For those of you that don’t know the process, here is the basic run down of what takes place with an ICBF adoption here in Cali, Colombia region:

  1. Adopting parents arrive in Colombia
  2. Usually on Tuesdays, the ICBF will make an appointment for the presentation
  3. The adopting family goes to the presentation appointment. They are given the history of the child, their routines, and any other important information that the adoption parents need to know.
  4. The child and parents are united and a date is set (usually the following Monday) for the integration meeting.
  5. The adopting family and the new child spend the next week bonding.
  6. At some point during the week a letter giving the lawyer permission to work your case has to be notarized by the public notary.
  7. After the week of bonding, the integration meeting is attended by the adopting parents and the child. In this meeting the psychologist asks a lot of questions about how the parents and child are doing. At the end of the meeting you sign the document stating that the ICBF of Colombia believes that the adoption is a good match and that the courts should finalize the adoption in the best interest of the child.
  8. The next day, the paperwork is submitted to the family court system and a court is assigned. This is a very important step since there are 11 possible courts that the case could be assigned too. Each court has its own personality and in our case the lawyer and our interpreter both wanted either court 3 or court 11.
  9. Once assigned to a court….you wait. Could be 2 weeks, might be 4 weeks. You just never know and in some cases it can be even longer. Everything affects the length of time that it takes to process the documents. Holidays, vacation days, and strikes can all play a role is this waiting game. There is nothing else to do but to enjoy the city, or in some cases travel to other destinations within Colombia. You just can’t leave the country.
  10. Finally the day will come when you will get the call that the adoption is ready to be finalized. You go to the family court building, sign what is called the sentencia, and at that point, the adoption is complete. The child now legally belongs to the adopting parents according to the laws of the Hague Convention.
  11. Once the sentencia is signed, the lawyer takes a copy to the original birth city of the child to get copies of the original birth certificate and to have new birth certificates created. Normally, this takes place the next day.
  12. Once the birth certificates are in hand, the adopting family can travel to Bogota to finish the immigration process. Travel plans are made and the flight is scheduled.
  13. Once in Bogota, the first order of business is the child’s Colombian passport. This takes the first day to secure.
  14. The next day, you can go to the USA Embassy to submit the paperwork for the adoption visa.
  15. It may take a day or two for the visa to be completed. Once done, the adopting family goes to the Embassy to get the adopted child’s visa.
  16. Now it is time to go home. Because you have to purchase a round trip ticket, your departure date is normal weeks away, or I guess in some cases, already passed. You have to go to the airline office and negotiate the change to your tickets and purchase a ticket for the new child.
  17. Finally, you fly home and face immigration on the USA side. This can take a couple of hours depending on the number of people.

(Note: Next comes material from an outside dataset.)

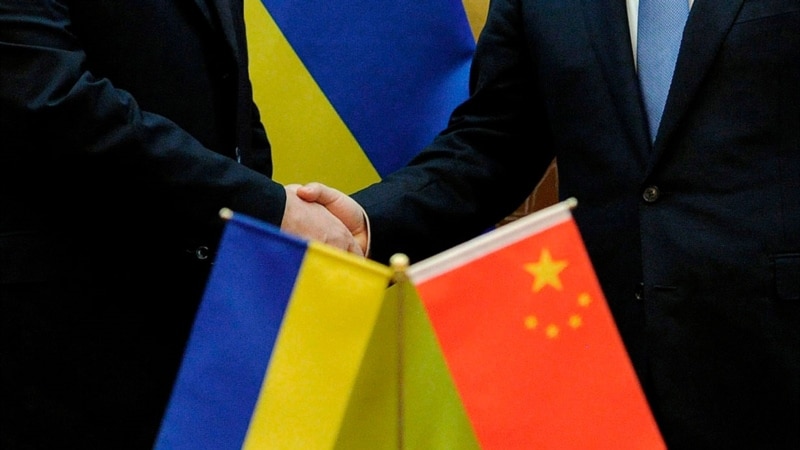 Predsjednik Kine će poslati svoje predstavnike u Ukrajinu i razgovarati o krizi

So, there you have it. Nice, huh?

Prayer Requests:

  • Continue to pray for our bonding with Cooper. Things are going well, but we are still working with a bit of a language barrier.
  • Pray that Cameron continues to get better.
  • Pray that our paperwork gets approved and everything moves quickly in the court system.

So, did I mention that we got court 11? =) We celebrated with ice cream at Ventolini!